Aim of the task. Only the lines from the one containing "グリシーヌ静徳のエントランス" through the final line of the entries below are wanted, each copied exactly.
*** Information shown ***
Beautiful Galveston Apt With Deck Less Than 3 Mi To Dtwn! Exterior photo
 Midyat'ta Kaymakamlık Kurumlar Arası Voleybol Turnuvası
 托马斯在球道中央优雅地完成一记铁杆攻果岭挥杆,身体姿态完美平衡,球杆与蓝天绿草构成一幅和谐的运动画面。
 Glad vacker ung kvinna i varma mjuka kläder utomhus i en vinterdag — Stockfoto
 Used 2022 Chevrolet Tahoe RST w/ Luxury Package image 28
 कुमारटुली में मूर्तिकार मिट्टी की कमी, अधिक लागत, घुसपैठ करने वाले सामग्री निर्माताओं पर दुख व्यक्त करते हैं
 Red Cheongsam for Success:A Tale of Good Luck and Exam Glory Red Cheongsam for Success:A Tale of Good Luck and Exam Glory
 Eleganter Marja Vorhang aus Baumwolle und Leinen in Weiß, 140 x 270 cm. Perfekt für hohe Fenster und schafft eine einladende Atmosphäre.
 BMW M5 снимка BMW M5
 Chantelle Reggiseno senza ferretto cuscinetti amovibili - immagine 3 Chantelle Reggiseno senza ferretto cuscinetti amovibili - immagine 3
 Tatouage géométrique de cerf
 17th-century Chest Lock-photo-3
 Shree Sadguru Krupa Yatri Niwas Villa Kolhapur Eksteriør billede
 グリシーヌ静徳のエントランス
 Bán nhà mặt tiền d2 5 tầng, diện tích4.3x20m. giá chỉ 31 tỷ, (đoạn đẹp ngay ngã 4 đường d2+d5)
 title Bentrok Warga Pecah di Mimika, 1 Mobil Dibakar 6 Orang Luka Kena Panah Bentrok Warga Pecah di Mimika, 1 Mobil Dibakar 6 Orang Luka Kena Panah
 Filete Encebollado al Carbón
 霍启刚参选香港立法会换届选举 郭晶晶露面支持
***
Response area.
 グリシーヌ静徳のエントランス
 Bán nhà mặt tiền d2 5 tầng, diện tích4.3x20m. giá chỉ 31 tỷ, (đoạn đẹp ngay ngã 4 đường d2+d5)
 title Bentrok Warga Pecah di Mimika, 1 Mobil Dibakar 6 Orang Luka Kena Panah Bentrok Warga Pecah di Mimika, 1 Mobil Dibakar 6 Orang Luka Kena Panah
 Filete Encebollado al Carbón
 霍启刚参选香港立法会换届选举 郭晶晶露面支持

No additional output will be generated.